Besides sheets, the metal is also be processed into angled rails, flat stock, tubes and hollow squares. These shapes were especially interesting to Architect Janet Bloomberg of Kube Architecture in Washington, DC. Bloomberg works the very modern looking material into an environment where you wouldn’t expect to see it, turn of the century row houses. “We feel it’s a very timeless material, the forms are simple, clean and square. It has a purity to it,” says Bloomberg.

Black steel is strong enough to be used as a structural element and is often left exposed. Bloomberg has employed it as support columns and as framing around interior doors. “We use it as flat bar,” says Bloomberg, “we frame things with it and use it as a framing system that mimics trim. It’s like crown molding or a chair rail.” Kube also likes to use it for exposed structural elements like staircases, as seen below.

Design by Kube Architecture

A Kube designed master suite addition in Lamar Whitman’s house in Northwest DC features exposed black steel wrapping around closet doors in the master bedroom. An idea that the homeowner had to be sold on – but it didn’t take much convincing. “It was all Janet’s idea,” says Lamar Whitman a policy manager for a technical association. “We hadn’t seen it before but we wanted a very modern look – it’s very distinctive.”

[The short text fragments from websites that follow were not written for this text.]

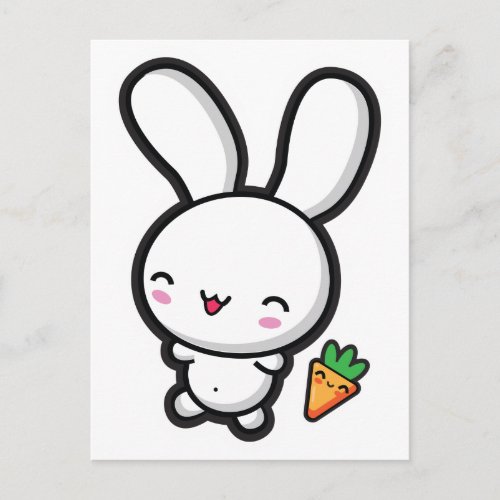 Kawaii Bunny and Carrot Postcard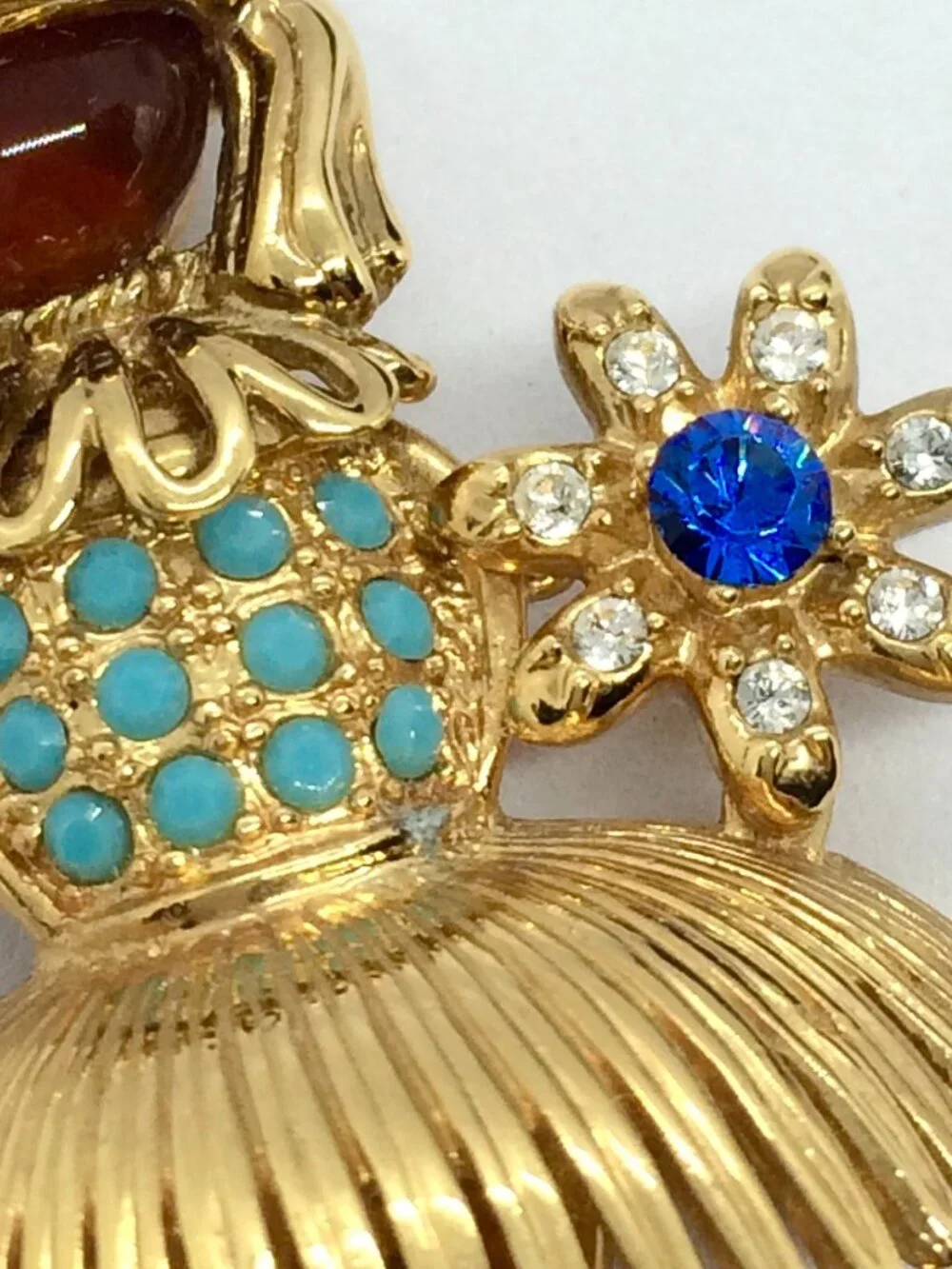 VINTAGE JBK BROOCH Ballerina Camrose Cross Figural Rhinestone Gold Tone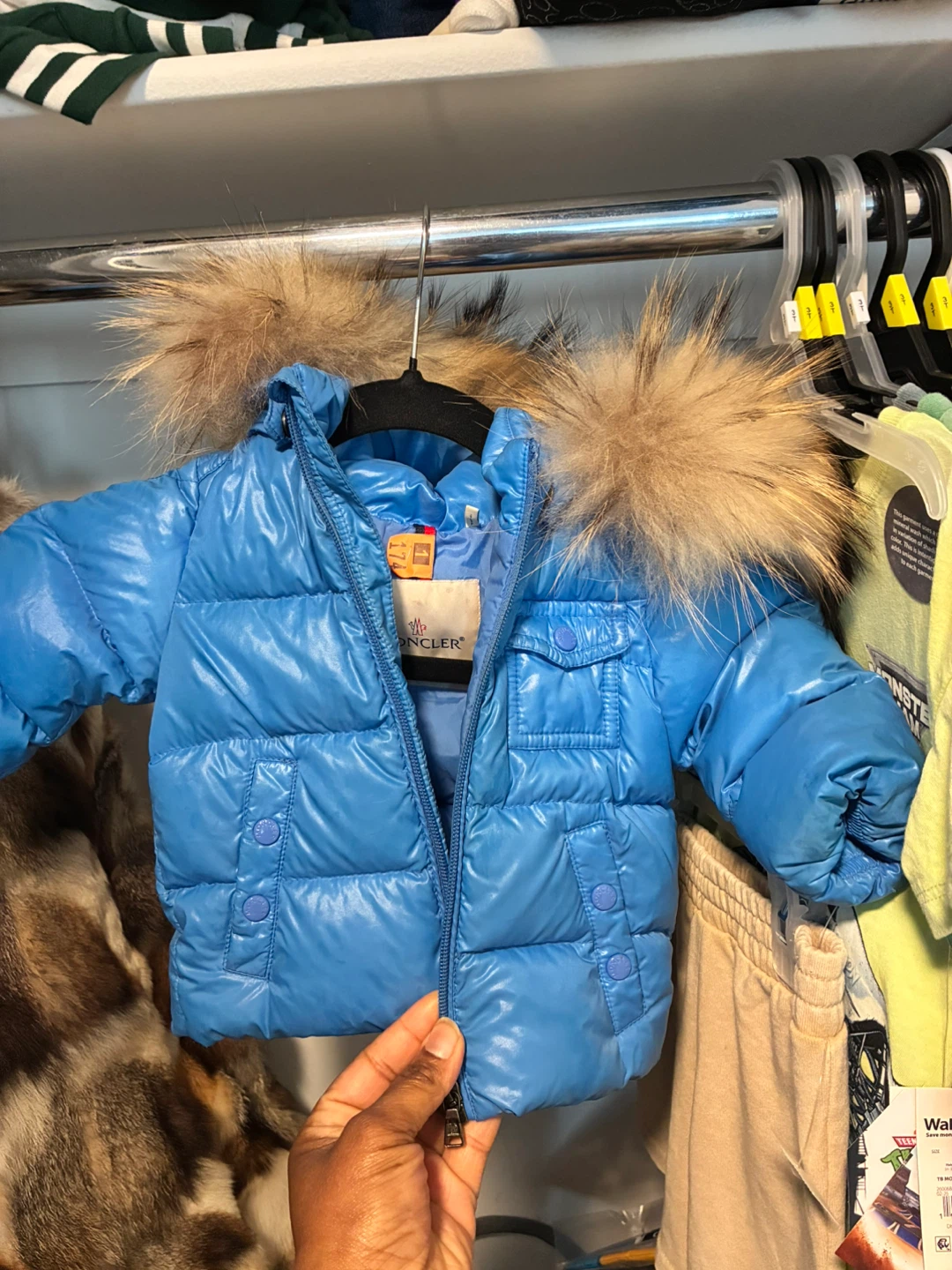 Moncler Blue Down Puffer Jacket with Fur Hood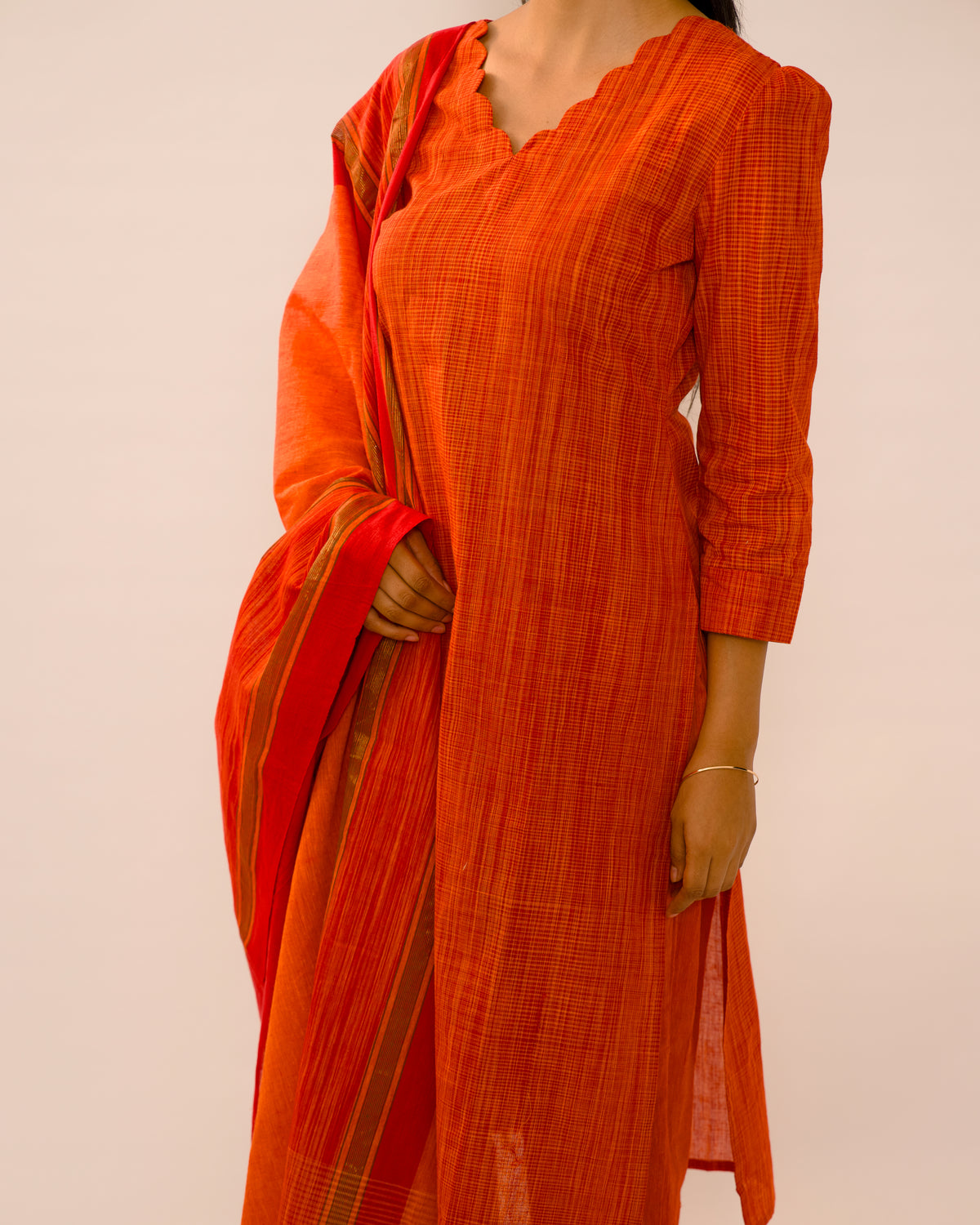 Vermilion Handloom pure Cotton Kurta suit set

Both Robert Cole and Janet Bloomberg site modern-era architectural heavyweights including Frank Lloyd Wright as pioneers of hot rolled steel. Used as an interior finish or as part of the structure, maintenance is practically zero. A coat of light oil protects the material from rust, its only enemy. A clear polyester based finish or a wax can also be brushed or sprayed on if the metal is likely to get wet.

As a material, hot rolled steel is not that expensive, it’s sold in 4’ x 8’ sheets like plywood and goes for about $70 a sheet. It can be welded or attached using screws, bolts, or glue. Sheets are typically attached to a substrate of plywood or drywall. Steel is measured in thickness by gauge and designers prefer working with black steel that’s between 12 and 16 gauge which is comparable to 1/8” to 1/16” thick.

For a modern update on tradition or a pure contemporary vision look for black steel as another industrial staple that’s becoming a residential trend. “It’s a classic material yet also a modern material,” says Janet Bloomberg. and I love to wrap spaces with it.”

Image Courtesy of Hoachlander Davis Photography

If your design point of view leans towards architecture and interior design using hot rolled steel, welcome to the cutting edge. Hot rolled, or black steel is a readily available material. For suppliers in your area, look for steel fabricators, suppliers or distributors.